Agresywna emerytka chciała podpalić mieszkanie
Kiedy wyobrażamy sobie osiedlowego agresora, raczej nikomu na myśl nie przychodzi 61-letnia kobieta. A jednak. Mieszkanka Pułtuska nie tylko zastraszała partnera i sąsiadów, kierując wobec nich m. in. groźby karalne, ale także próbowała swoje plany wcielić w życie, wrzucając do jednego z mieszkań butelkę z palącą się substancją.
Pułtuscy kryminalni prowadzili kilka postępowań wobec 61-letniej mieszkanki Pułtuska, która agresywnie zachowywała się wobec swojego partnera, a także w stosunku do swoich sąsiadów. Na podstawie dowodów zebranych przez funkcjonariuszy kobiecie postawiono zarzuty między innymi: gróźb karalnych kierowanych pod adresem mieszkańców jednego z pułtuskich osiedli, znieważenia funkcjonariuszy publicznych oraz sprowadzenia niebezpieczeństwa wielkich rozmiarów.

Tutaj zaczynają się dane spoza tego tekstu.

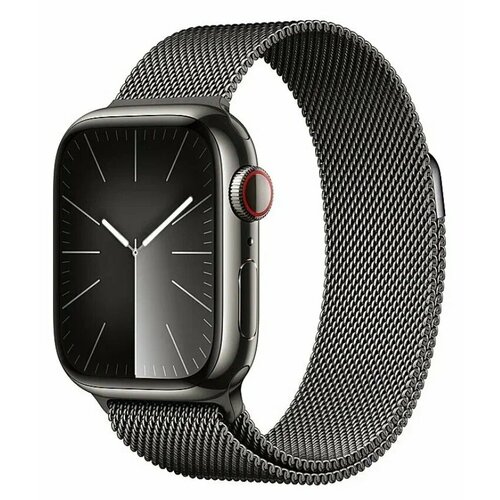 Apple Watch 9 45 Stainless Steel Graphite Milanese Loop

- W miniony czwartek (9 grudnia br.) agresorka ponownie trafiła do pomieszczeń dla osób zatrzymanych w pułtuskiej komendzie, po tym, jak wrzuciła butelkę z palącą się substancją przez okno do jednego z mieszkań w budynku wielorodzinnym, w którym przebywał jej 65-letni partner i 60-letnia sąsiadka. Na szczęście nikt nie odniósł poważnych obrażeń - informuje Renata Soból, zastępczyni rzeczniczki KPP w Płońsku.
Jak poinformowała pułtuska komenda, w piątek (10 grudnia br.) 60-latka została doprowadzona do Prokuratury Rejonowej w Pułtusku, gdzie usłyszała zarzuty. Dodatkowo zastosowano wobec niej środek zapobiegawczy w postaci trzech miesięcy aresztu. Trafiła tam jeszcze tego samego dnia. Za popełnione przestępstwa grozi jej kara 8 lat pozbawienia wolności.